The conclusions we draw from the first stage of the study, which has many implications for both the second and the third phase, is that both the creative and interpretative activities oscillate between poietic and esthesic processes. Taken in this context, in etherSound for example, one may dispute whether one can talk about a single work as an ontological unit or even a single originator in the role of 'composer.' We also found striking examples of creative misunderstandings between the agents involved in the collaboration which led us to the perhaps somewhat exaggerated conclusion that, in communication noise is not a problem. As has already been mentioned, we are used to thinking of a computer-based interactive system as a cybernetic system in which information is transmitted from point A to point B, and where great care is taken to avoid noise in the transmission. In our joint project we will attempt to avoid the kind of binary oppositions that require a clean control-signal path (such as the pressing of a pedal) in the design of the interactive system. Obviously this will also affect the way the instrumental part is written.

timbreMap - an audio analysis software for tracing relative timbre changes.

timbreMap is a software development project that attempts to allow for direct interaction with sound itself rather than with an abstract classification of sound. This is the part of my doctoral project that I was initially inclined to look at as the central goal. I have already referred to my growing frustration with the way in which the tools available to me for letting a computer interact with a performer in real time did not satisfy my needs as a composer.
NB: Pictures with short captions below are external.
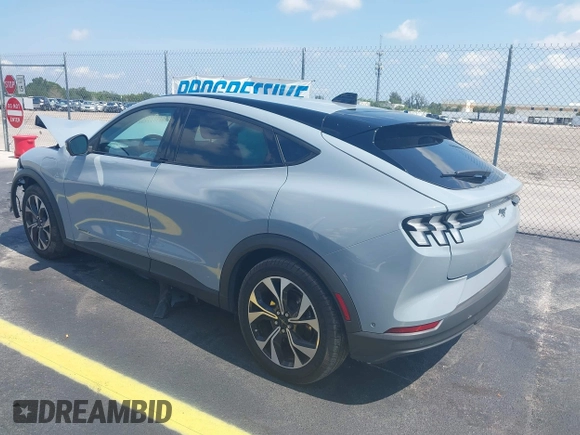 2024 Ford Mustang Mach-E Select with VIN 3FMTK1R4XRMA14724, listed as a IAAI auction lot 42345691 with 16,527 mi miles and . Bid and sale history available at DreamBid. Image 3.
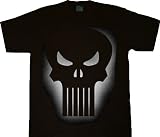  : Punisher Lighted Skull Black T-shirt Tee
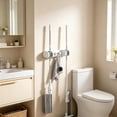 thumbnail image 4 of Wall Mount No Drill Mop And Broom Clip Organizer, Self Adhesive Mop Holder, Heavy Duty Storage Rack For Bathroom Laundry Room Door, 4 of 6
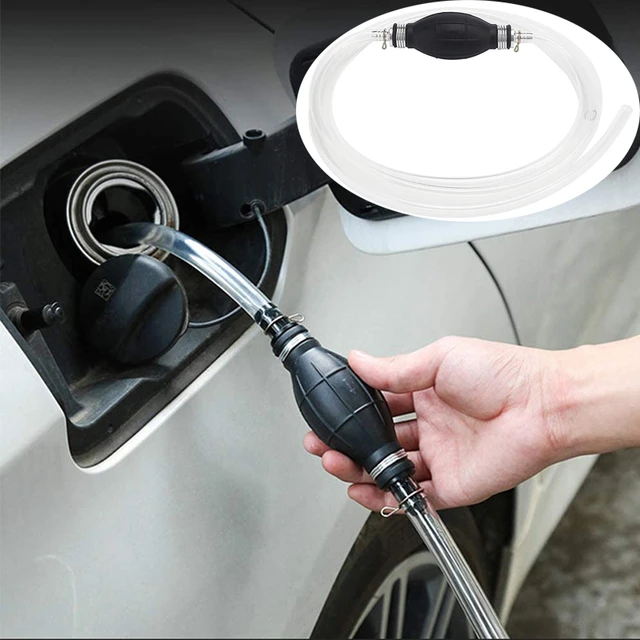 Pompe à Essence Manuelle et Universelle pour Voiture, Tuyau d'Aspiration  Durable pour Liquide, Réglage du Carburant et Diesel - AliExpress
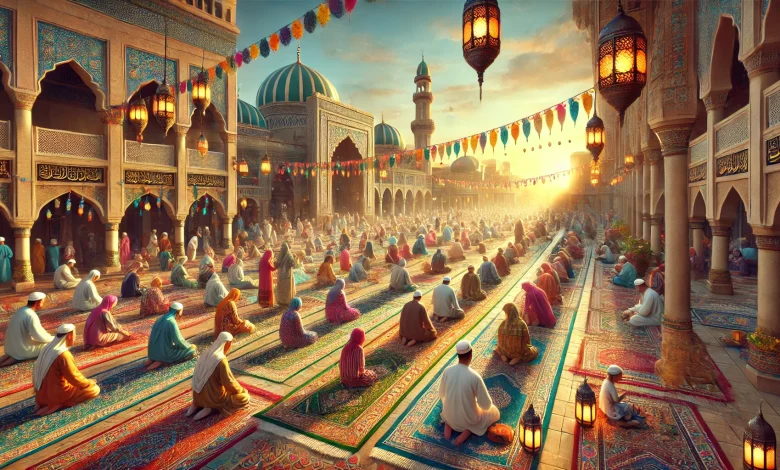 الساعة كم توقيت موعد صلاة عيد الفطر 1446 / 2025 في المجمعة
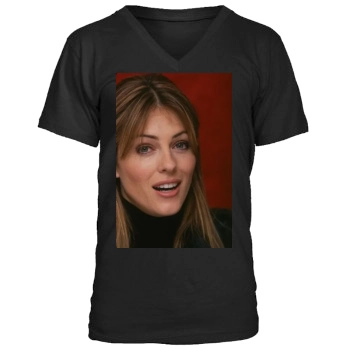 Elizabeth Hurley Men's V-Neck T-Shirt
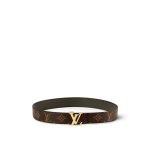 LV Initiales 30mm Reversible Belt Gold Monogram - Women‘s Belt front view
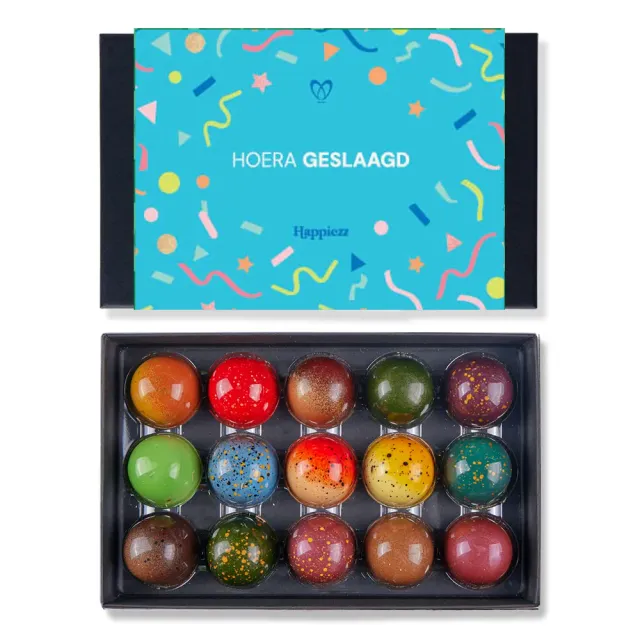Chocoladebezorgd Geslaagd bonbons 15 stuks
One example of a widely-used tool in electroacoustic music with live instruments is something that is referred to as ``pitch-tracking''. What this process attempts to achieve is the transformation of a (monophonic) audio signal into discrete pitches. Aside from the fact that this is a difficult task, the information gleaned by this system is only useful if the pitch class representation is a meaningful and substantial parameter in the intended totality of the musical output. In much of my music it is not.5With timbreMap I have attempted to construct a system that uses self-organizing feature maps and chained neural-networks to track the relative change of timbre in an audio stream and make this information available for interaction. As was mentioned above, 'connectionism' or neuron-like computing is in itself a move away from the binary representation of numbers, approaching what may be called an attempt at modeling continuous processes. It is a special purpose machine that is closely linked to the artistic enterprise that created the need for it. In that sense, although in a more abstract way than the programming of etherSound, its code is part of the notation of the possible pieces it may give rise to.

In the time that has passed since I started my doctoral project I have come to realize that, although timbreMap is a big part of the totality of my project, both in terms of time invested and its significance to the whole, its most intriguing aspect may be the mapping of the output of the system and the musical stimuli to which it gives rise. The mapping must be related to large-scale empirical studies, such as those mentioned in this article, but also has to be tested in the specific case-studies. From etherSound I learned that successful mapping involves a certain amount of pedagogy - knowledge creates anticipation and expectation. The studies performed within the project Negotiating the Musical Work opened up the idea of the `creative misunderstanding' and a semiological analysis of the communication within an interactive system.